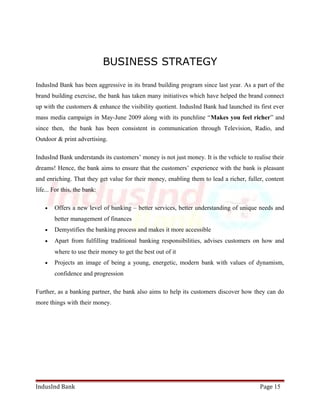 BUSINESS STRATEGY 
IndusInd Bank has been aggressive in its brand building program since last year. As a part of the 
brand building exercise, the bank has taken many initiatives which have helped the brand connect 
up with the customers & enhance the visibility quotient. IndusInd Bank had launched its first ever 
mass media campaign in May-June 2009 along with its punchline “Makes you feel richer” and 
since then, the bank has been consistent in communication through Television, Radio, and 
Outdoor & print advertising. 
IndusInd Bank understands its customers’ money is not just money. It is the vehicle to realise their 
dreams! Hence, the bank aims to ensure that the customers’ experience with the bank is pleasant 
and enriching. That they get value for their money, enabling them to lead a richer, fuller, content 
life... For this, the bank: 
· Offers a new level of banking – better services, better understanding of unique needs and 
better management of finances 
· Demystifies the banking process and makes it more accessible 
· Apart from fulfilling traditional banking responsibilities, advises customers on how and 
where to use their money to get the best out of it 
· Projects an image of being a young, energetic, modern bank with values of dynamism, 
confidence and progression 
Further, as a banking partner, the bank also aims to help its customers discover how they can do 
more things with their money. 
IndusInd Bank Page 15 
 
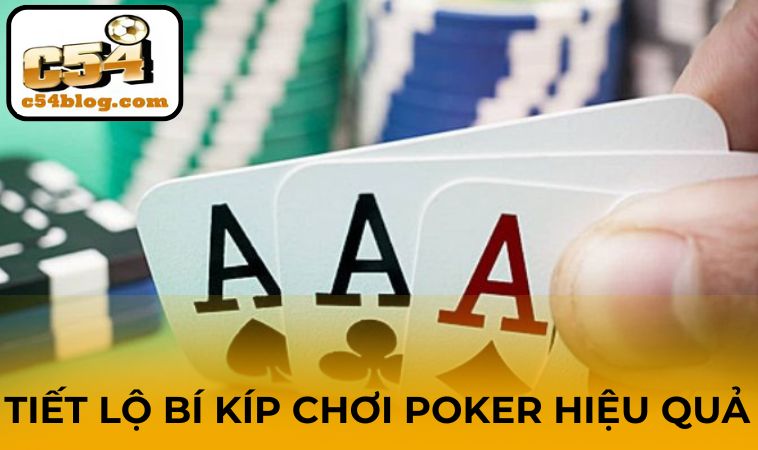 Tiết lộ bí kíp chơi Poker hiệu quả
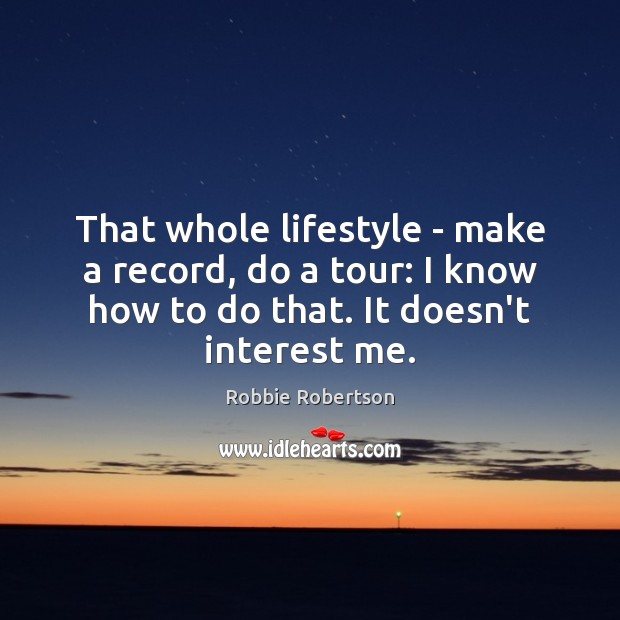 That whole lifestyle – make a record, do a tour: I know Robbie Robertson Picture Quote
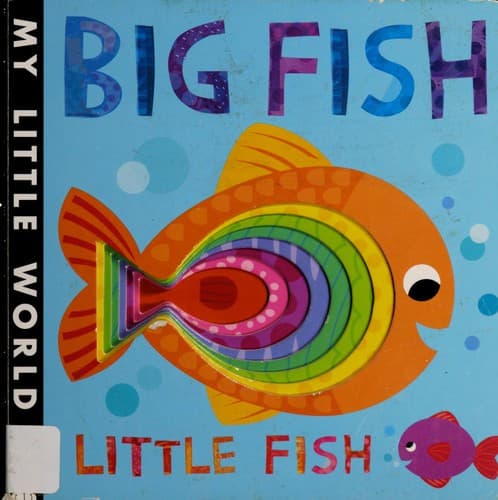 Cover image for Big fish, little fish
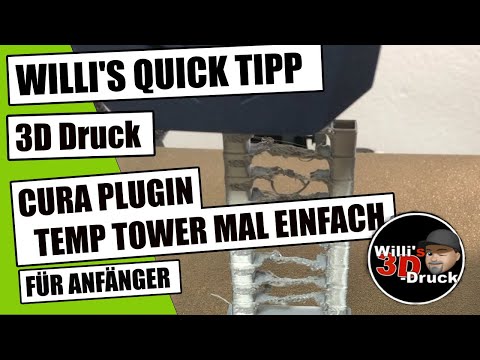 Willis' 3D Printing Quick Tip: Cura plugin Temp Tower - Simply put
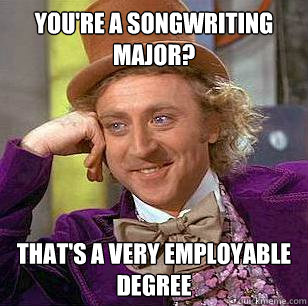 You're a Songwriting Major? That's a very employable degree - You're a Songwriting Major? That's a very employable degree  Condescending Wonka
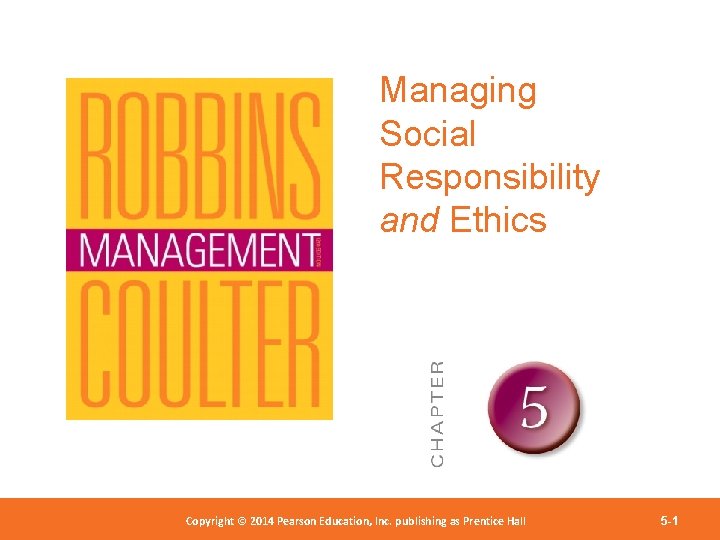 Managing Social Responsibility and Ethics Copyright © 2012 Pearson Education, Copyright © 2014 Pearson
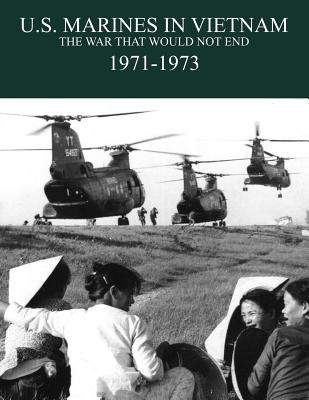 U.S. Marines in the Vietnam War: The War That Would Not End 1971-1973 - Melson, Charles D., and Arnold, Curtis G., and Marine Corps History & Museums Division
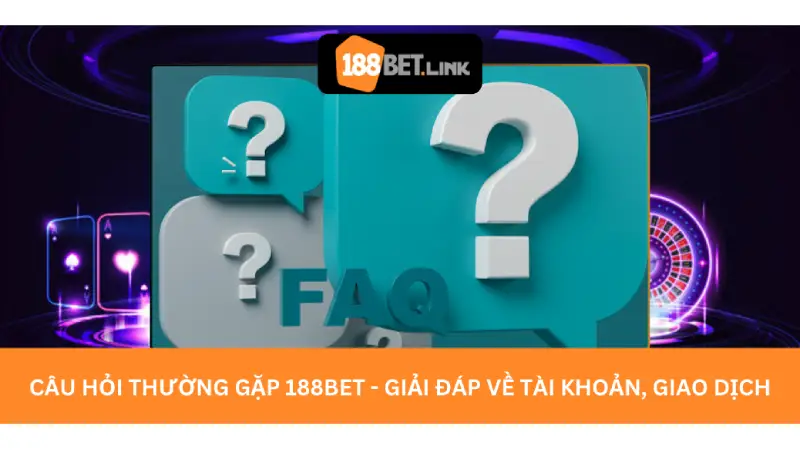 Câu hỏi thường gặp 188bet - Giải đáp về tài khoản, giao dịch Câu hỏi thường gặp 188bet - Giải đáp về tài khoản, giao dịch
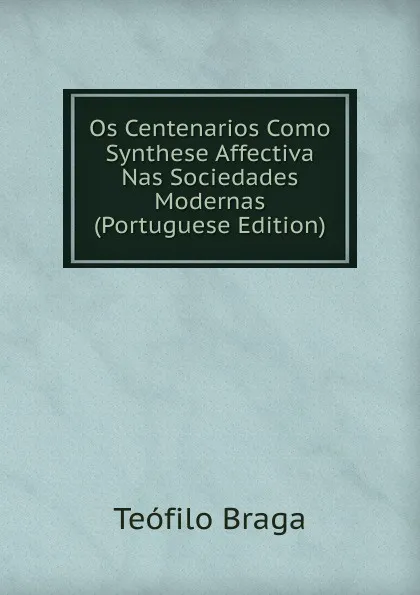 Обложка книги Os Centenarios Como Synthese Affectiva Nas Sociedades Modernas (Portuguese Edition), Teófilo Braga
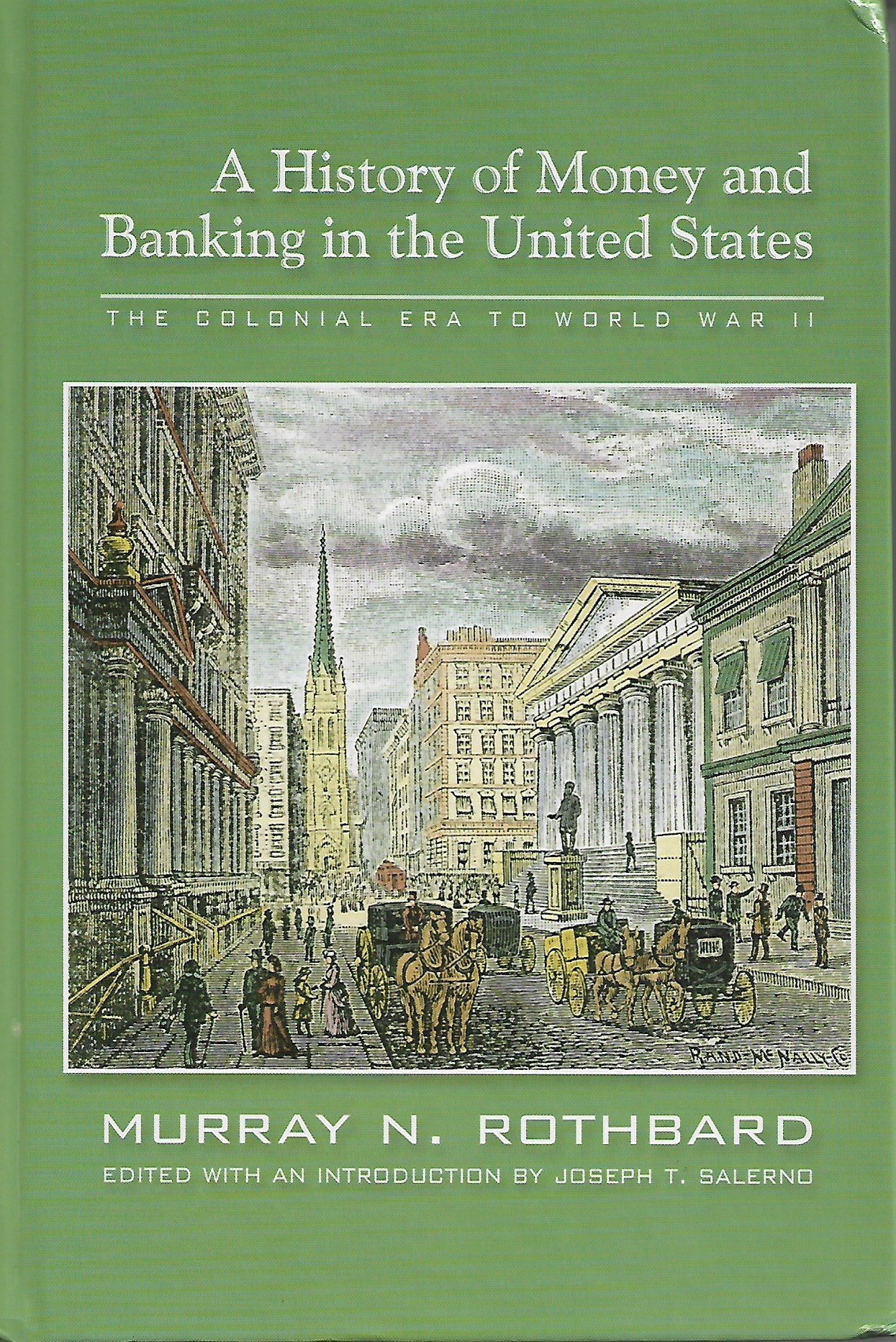 A History of Money and Banking in the United States: The Colonial Era to World War II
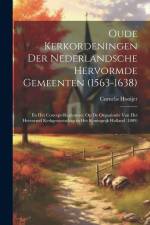 Oude Kerkordeningen Der Nederlandsche Hervormde Gemeenten (1563-1638) af Cornelis Hooijer
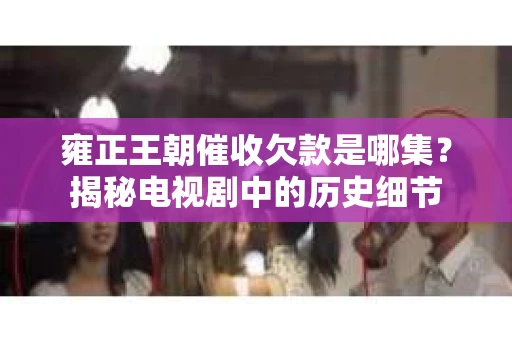 雍正王朝催收欠款是哪集？揭秘电视剧中的历史细节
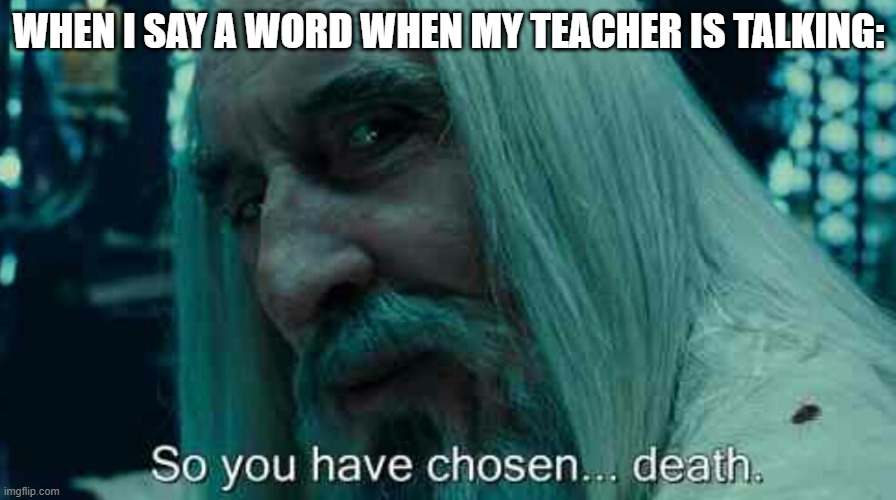 So you have chosen death | WHEN I SAY A WORD WHEN MY TEACHER IS TALKING: | image tagged in so you have chosen death | made w/ Imgflip meme maker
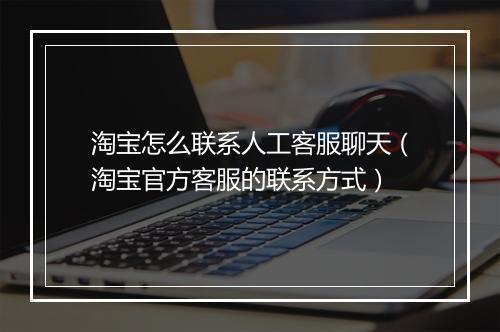 淘宝怎么联系人工客服聊天（淘宝官方客服的联系方式）
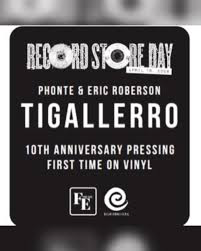 Phonte & Eric Roberson - Tigallerro (RSD 2026)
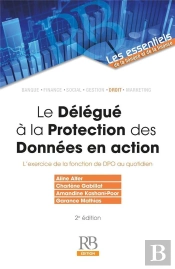 Le Delegue A La Protection Des Donnees (Dpo) : Cle De Voute De La Conformite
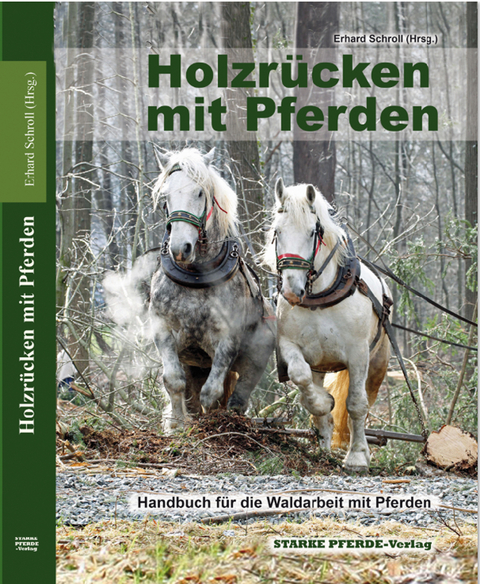 Holzrücken mit Pferden - 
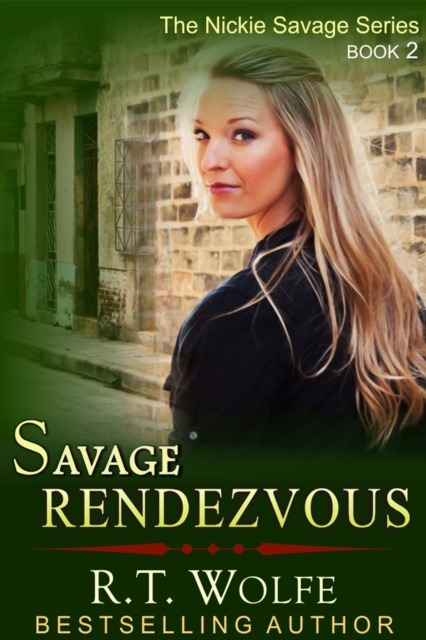 E-knjiga Savage Rendezvous (The Nickie Savage Series, Book 2) R.T. Wolfe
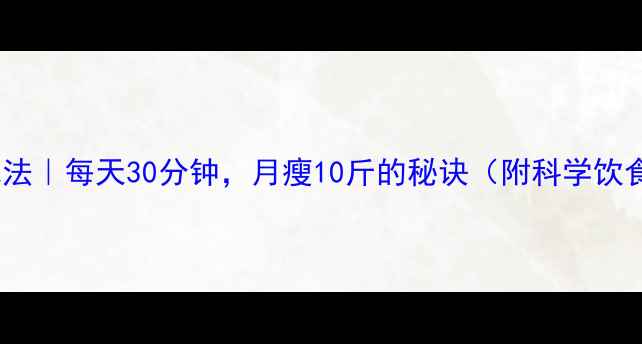图片 28天懒人减肥法｜每天30分钟，月瘦10斤的秘诀（附科学饮食+运动指南）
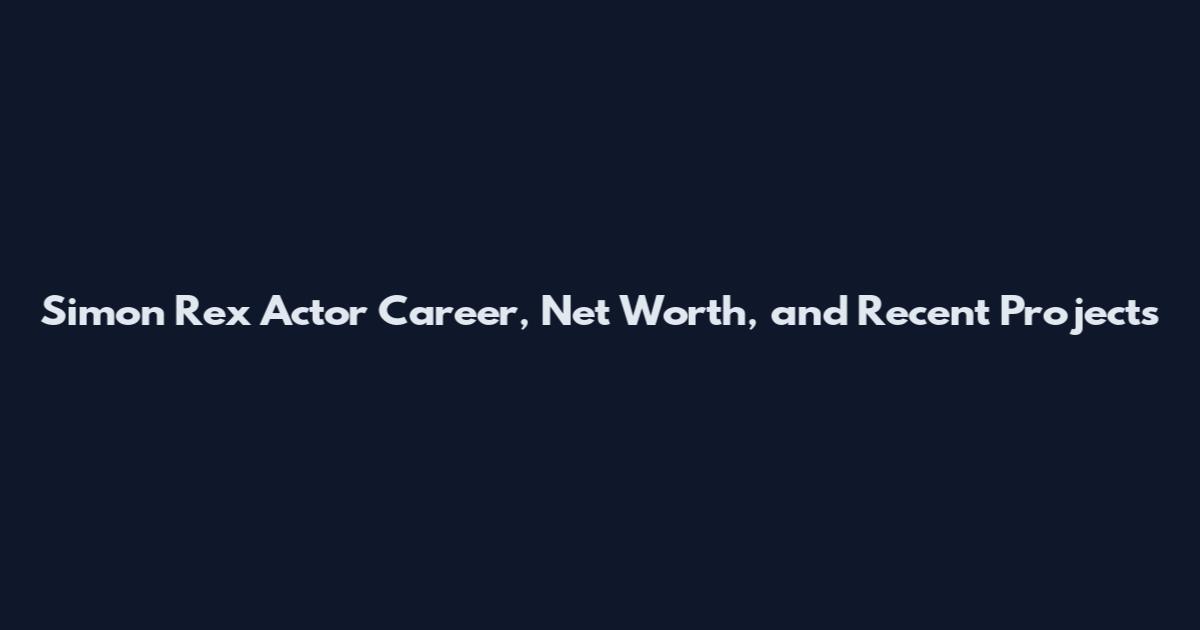 Simon Rex Actor Career, Net Worth, and Recent Projects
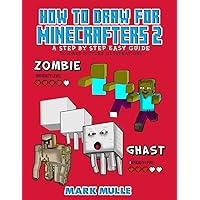 How to Draw for Minecrafters a Step by Step Guide 2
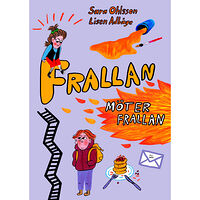 Sara Ohlsson Frallan möter Frallan (inbunden)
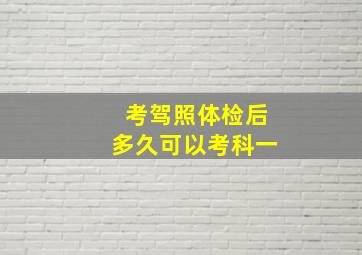 考驾照体检后多久可以考科一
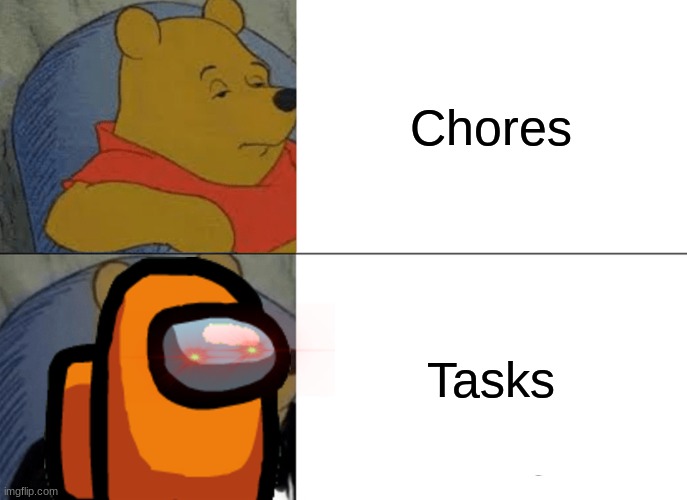 Tuxedo Winnie The Pooh Meme | Chores; Tasks | image tagged in memes,tuxedo winnie the pooh | made w/ Imgflip meme maker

Problem to solve: Copy out each line of the entries that holds "they".

Task output:
and enriching. That they get value for their money, enabling them to lead a richer, fuller, content 
Further, as a banking partner, the bank also aims to help its customers discover how they can do 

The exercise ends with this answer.